## Your objective
Your answer must be an exact copy of the lines below, from the first through the one with "கல்வியாளர்களுடன் ஆலோசனை மேற்கொண்ட", with no pictures.

## Image-text web data
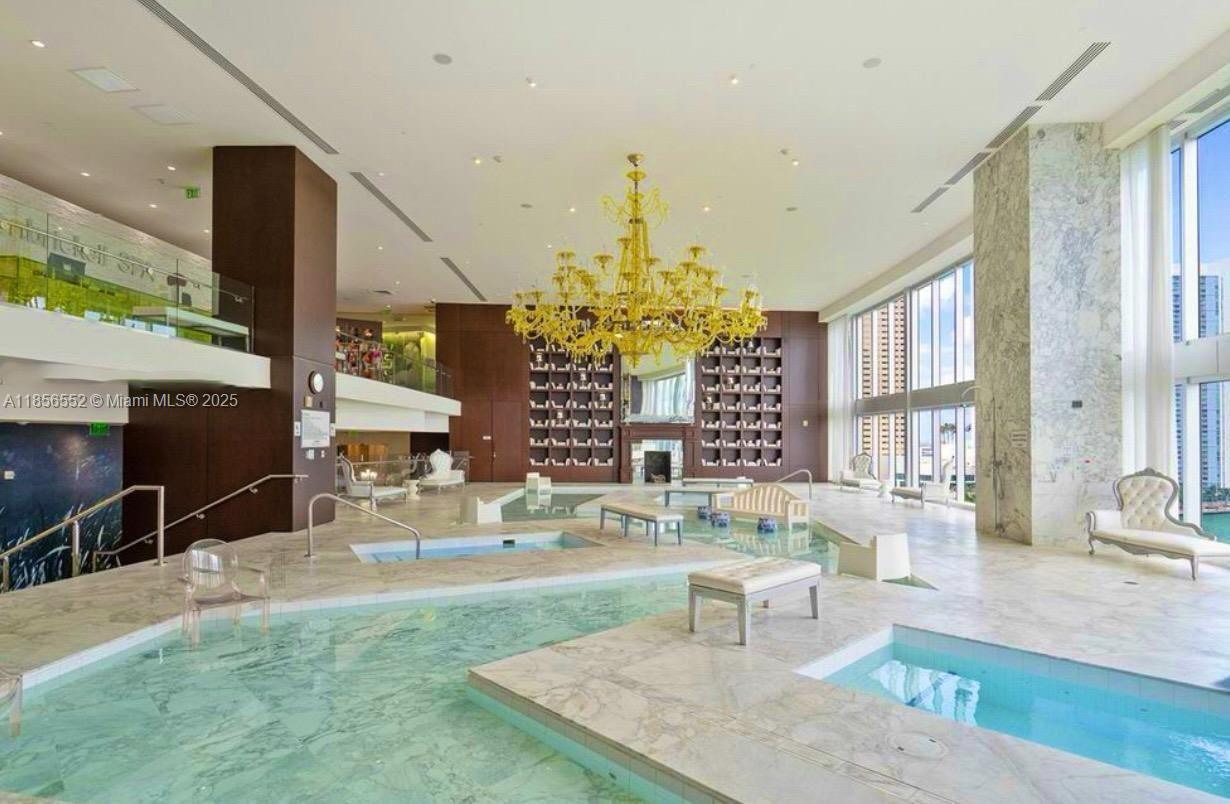 475 Brickell Ave 4713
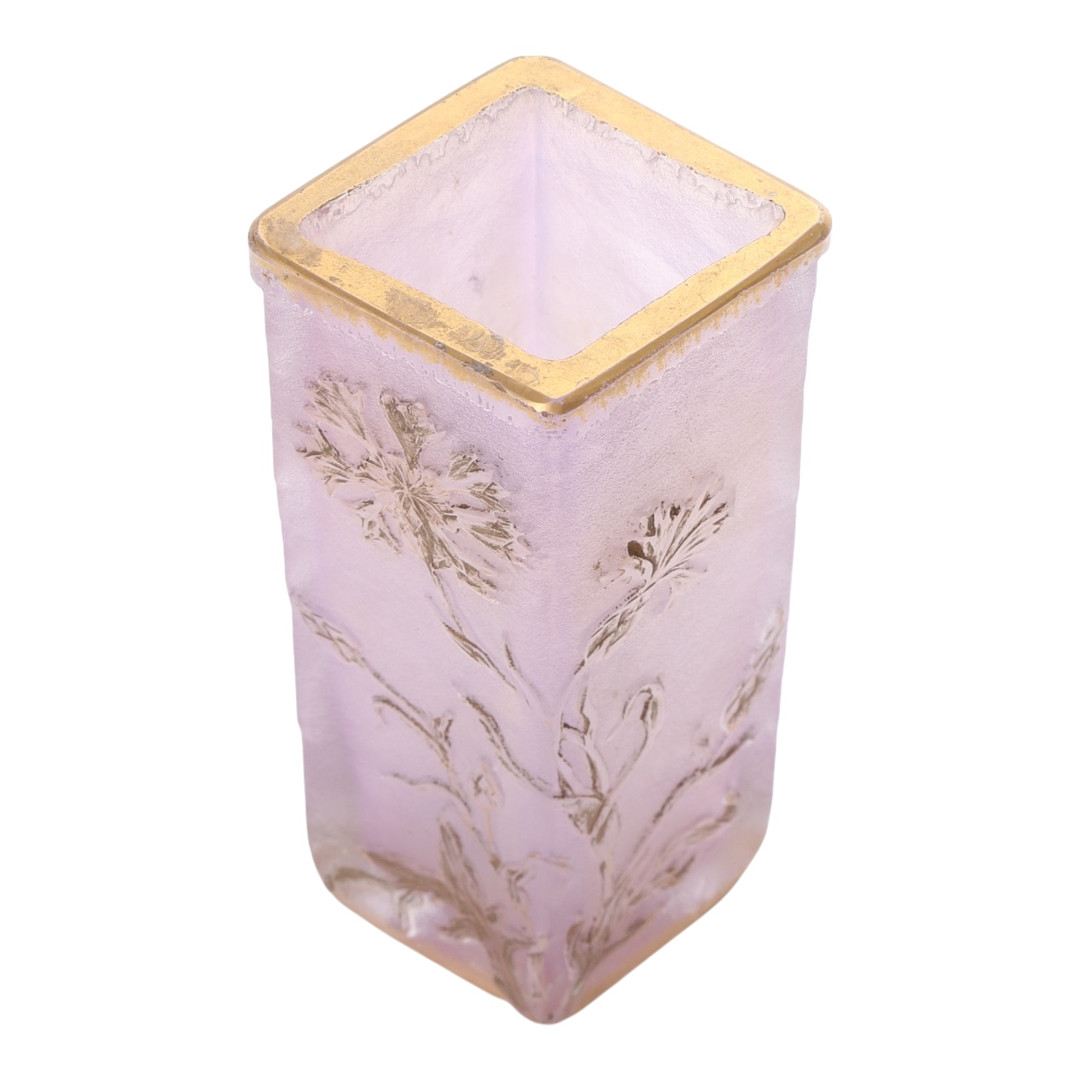 DAUM NANCY. Rombeformet art nouveau vase af rosa glas med gulddekoration, 1900-tallets begyndelse.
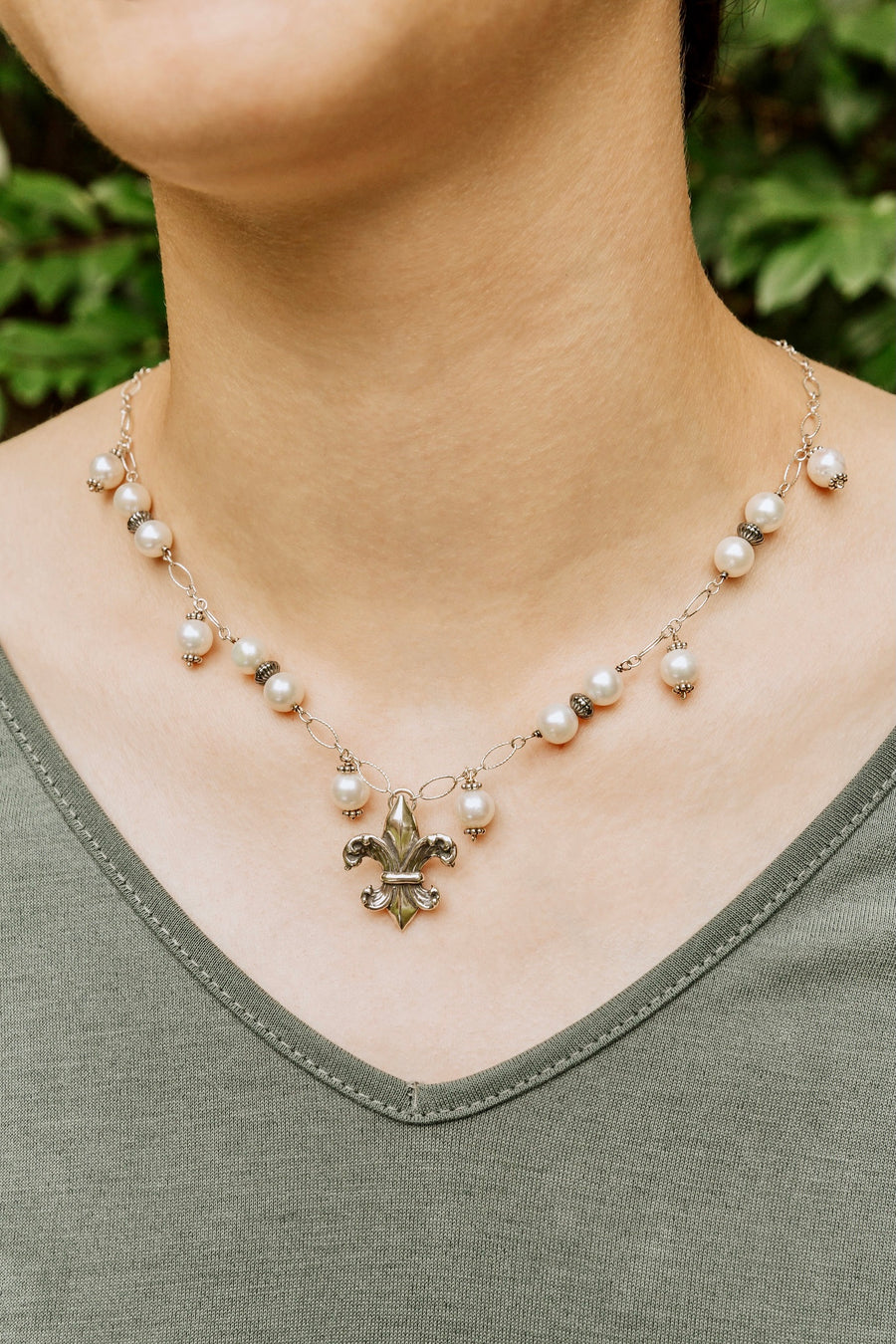 Water Lily Pearl & Chain Necklace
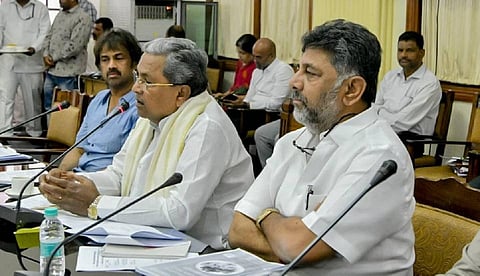 கல்வியாளர்களுடன் ஆலோசனை மேற்கொண்ட கர்நாடக முதல்வர் மற்றும் துணை முதல்வர்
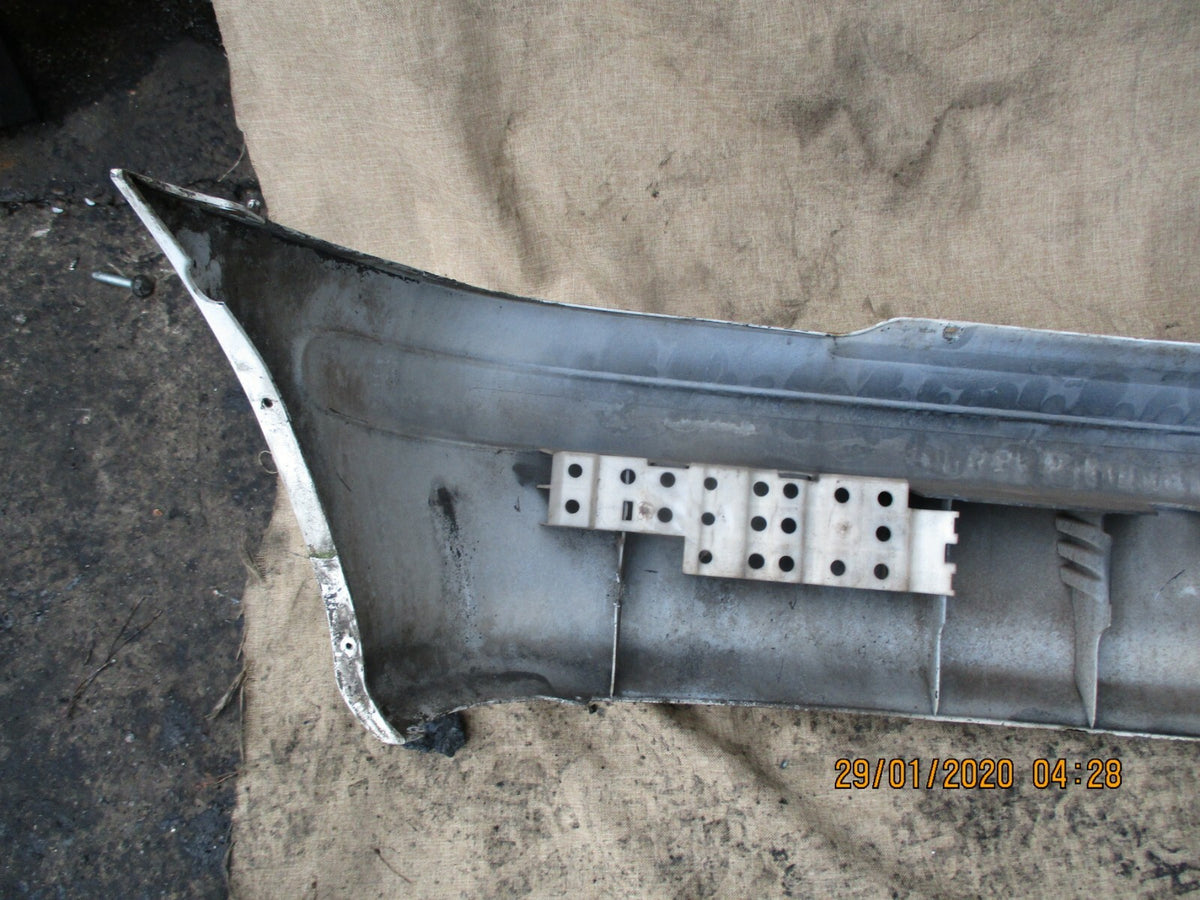 RENAULT MEGANE MK1 HATCHBACK 5 DOOR 1996 REAR BACK PLASTIC BUMPER IN WHITE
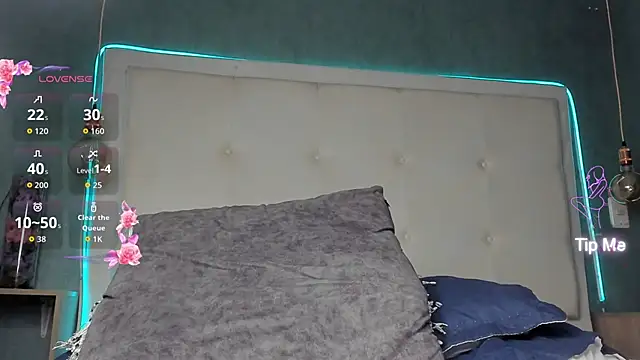 mia_gomez7 webcam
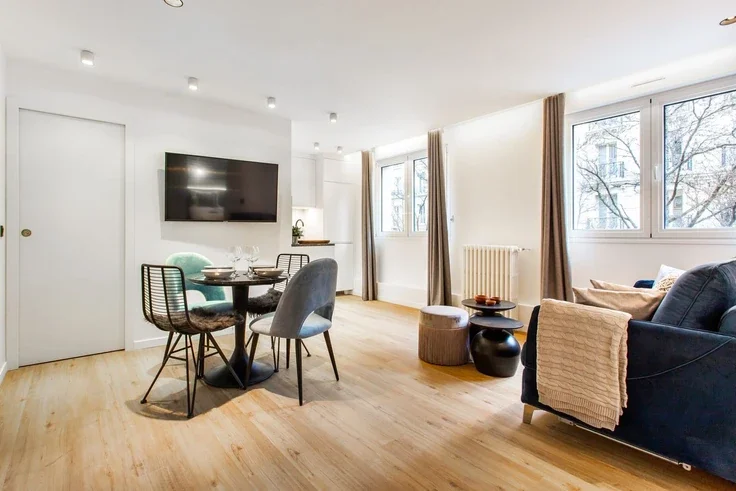 Appartement Avenue Claude Vellefaux à Paris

## Answer to this problem
 475 Brickell Ave 4713
 DAUM NANCY. Rombeformet art nouveau vase af rosa glas med gulddekoration, 1900-tallets begyndelse.
 Water Lily Pearl & Chain Necklace
 கல்வியாளர்களுடன் ஆலோசனை மேற்கொண்ட கர்நாடக முதல்வர் மற்றும் துணை முதல்வர்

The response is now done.